TODO: Explain the model you are using and the reason for chosing the different hyperparameters, termination policy and config settings.

In [12]:
# Create compute cluster to run HyperDrive
cluster_name = 'project-clusters'
try:
    compute_target = ComputeTarget(ws, cluster_name)
except ComputeTargetException:
    compute_config = AmlCompute.provisioning_configuration(vm_size='STANDARD_D3_V2', min_nodes=1, max_nodes=4)
    compute_target = ComputeTarget.create(ws, cluster_name, compute_config)
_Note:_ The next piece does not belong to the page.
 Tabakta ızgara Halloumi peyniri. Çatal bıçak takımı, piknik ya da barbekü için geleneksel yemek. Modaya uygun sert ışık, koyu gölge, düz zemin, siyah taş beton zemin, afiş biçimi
compute_target.wait_for_completion(show_output=True)

Succeeded
AmlCompute wait for completion finished

Minimum number of nodes requested have been provisioned


## Create the different params that you will be using during training
### This experiment tunes:
### n-estimators: The number of trees - the more trees can result in better performance
### max-depth: The maximum depth of the tree to correctly balance generalization and prevent overfitting

In [13]:

param_sampling = BayesianParameterSampling(
   parameter_space={
       "--n-estimators": choice(range(50, 300, 40)),
       "--max-depth": choice(range(1, 40))
    }
)

#TODO: Create your estimator and hyperdrive config
estimator = est = SKLearn(
    source_directory="./",
    entry_script="train.py",
    script_params={'--input-data': dataset.id},
    compute_target=compute_target
)

hyperdrive_run_config = HyperDriveConfig(
    primary_metric_name="accuracy",
    primary_metric_goal=PrimaryMetricGoal.MAXIMIZE,
    max_total_runs=30,
    max_concurrent_runs=4,
    hyperparameter_sampling=param_sampling,
    estimator=est
)

For best results with Bayesian Sampling we recommend using a maximum number of runs greater than or equal to 20 times the number of hyperparameters being tuned. Recommendend value:40.


In [14]:
# Submit your experiment
hyperdrive_run = experiment.submit(hyperdrive_run_config)



## Run Details

OPTIONAL: Write about the different models trained and their performance. Why do you think some models did better than others?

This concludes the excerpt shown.